Judges of Libya’s supreme court discuss the legitimacy of the country’s internationally recognised parliament during a hearing on November 6, 2014 in Tripoli (AFP Photo/Mahmud Turkia)

My two articles this week serve as an update for recent events. Time magazine reported on Libya’s Supreme Court’s ruling that the elected parliament is invalid. The parliament dismisses these claims due their belief that the verdict was influenced by the threat of militant arms. The Clarion Project article reported the most recent clash between groups at the Mitiga airport, the primary airport since Tripoli International was closed due to damages.

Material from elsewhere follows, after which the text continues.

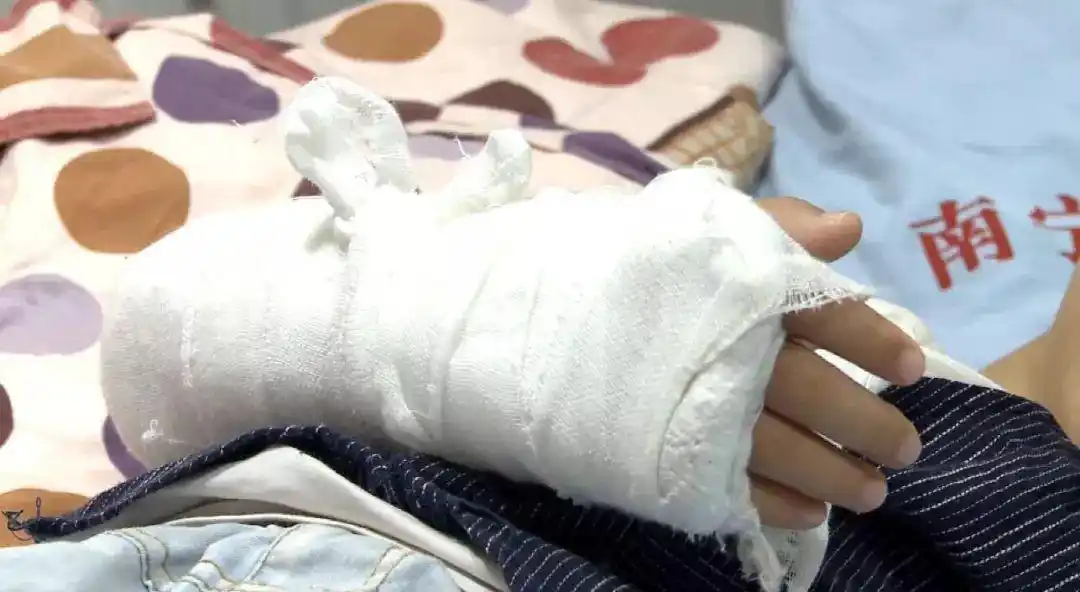 6岁男孩在游乐场手臂骨折,这个项目孩子们都爱玩!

If nothing else we can assume from these two articles that the Libyan crisis is escalating tremendously. Like in Syria the Islamic militant groups are working to feed their power by dominating the most strategic parts of the country with the mentality that if they control all major ports, airports, and oil revenue, they can eventually gain control of Libya as a whole. They are also aiming to undermine the elected parliament in any way they can in order to gain support from civilians and fuel their popularity by exploiting the weak, instilling a false consciousness in Libyans that supporting Islamic politics and Sharia Law is the only way to peace and order. The struggle for power between the two opposing sides is moving closer to a point of no return, at this point both sides are so transfixed on the state of war, any notion of compromise or negotiation is unfathomable.